On September 15, 1956, six nations came together to issue the first EUROPA stamps, a tradition that continues to this day.
The roots of the Europa stamps trace back to 1951 when six nations (Belgium, France, West Germany, Italy, the Netherlands, and Luxembourg) established the European Coal and Steel Community (ECSC). The ECSC was conceived by French civil servant Jean Monnet in the hopes it would prevent another war between France and Germany. By creating a common market coal and steel, he hoped to reduce competition between European nations and “make war not only unthinkable but materially impossible.”
As early as 1952, members of the ECSC talked about creating a “joint stamp emission” to honor the common interests and objectives of their nations. Then on September 15, 1956, they issued their first joint stamps. The design was created by French artist Daniel Gonzague and consisted of a tower created out of the letters EUROPA (the Latin word for Europe). Between the six countries, a total of 14 stamps were issued that first year.

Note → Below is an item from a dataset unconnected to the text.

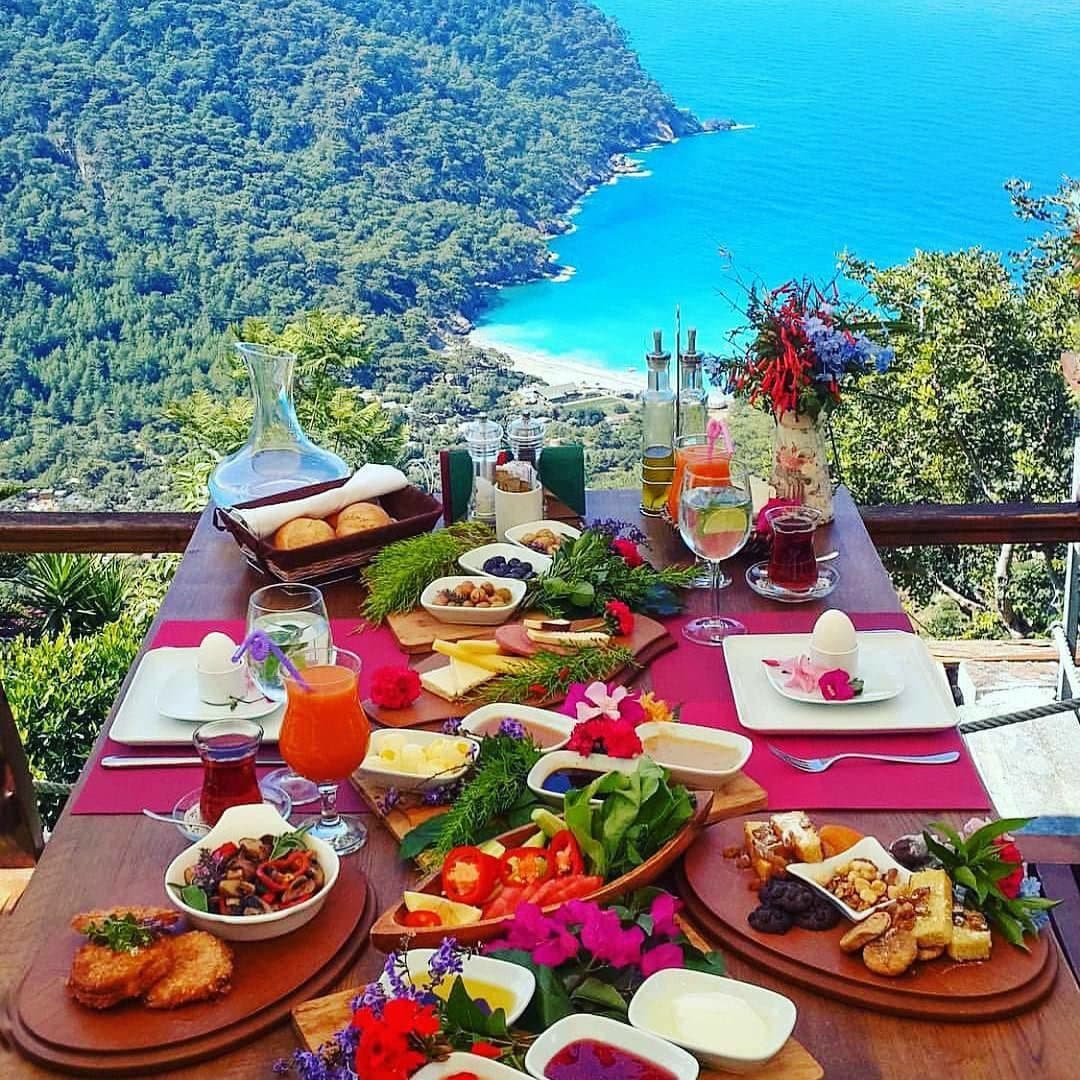 Традиционный турецкий завтрак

A year later, on September 16, 1957, the second set of EUROPA stamps was issued. This time, eight countries participated in issuing 17 stamps. While they didn’t all share the same design, they all had the same theme – peace and welfare. Another issue followed in 1958, with all stamps carrying the common design of a dove flying above the “E” of EUROPA.
In the summer of 1959, 23 European postal administrations met in Montreaux, Switzerland, and established the European Conference of Postal and Telecommunications Administrations (CEPT). Stamps issued after this meeting included the initials “CEPT” on them. From then until 1973, EUROPA stamps continued to share the same design each year.

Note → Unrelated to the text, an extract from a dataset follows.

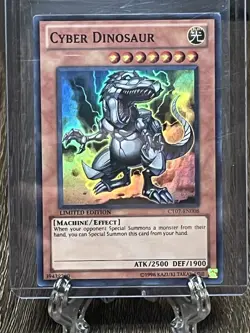 Cyber Dinosaur – CT07-EN008 – Limited Edition – Secret Rare – Yu-Gi-Oh! - Image 1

Then in 1974, the member nations decided that it would be more enjoyable for collectors if the stamps had different designs. So from that time on, EUROPA stamps were issued with common themes, but different designs. Over the years, some of these themes have included paintings, handicrafts, famous people, folklore, historic events, inventions, nature conservation, children’s games, and the discovery of America (for the 1992 issue).

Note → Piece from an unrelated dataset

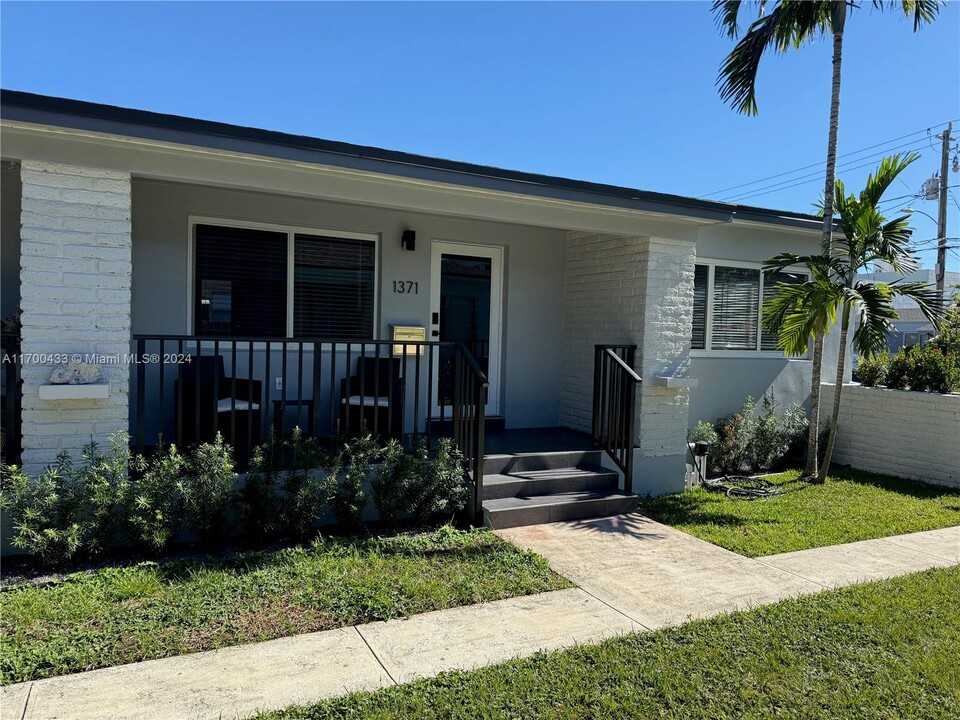 1371 SW 21st Ter in Miami, FL - Building Photo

Over the years, EUROPA stamps grew in popularity and other nations began to join in the tradition. In the 1980s there were 35 issuing nations and by the late 1990s, there were 57. In 1993, CEPT decided to turn its attention on telecommunications, so PostEurop took over the creation of EUROPA stamps. “CEPT” was longer included on the stamps and the EUROPA logo was updated.
To help keep EUROPA stamps popular among collectors, PostEurop introduced an annual competition in 2002 for the “Best EUROPA stamp.” Today, EUROPA stamps are some of the most popular worldwide stamps, issued by over 60 different countries.
Click here for more EUROPA stamps and covers.
Click here to see the EUROPA Hall of Fame and more from the PostEurop website.
Click here to see what else happened on This Day in History.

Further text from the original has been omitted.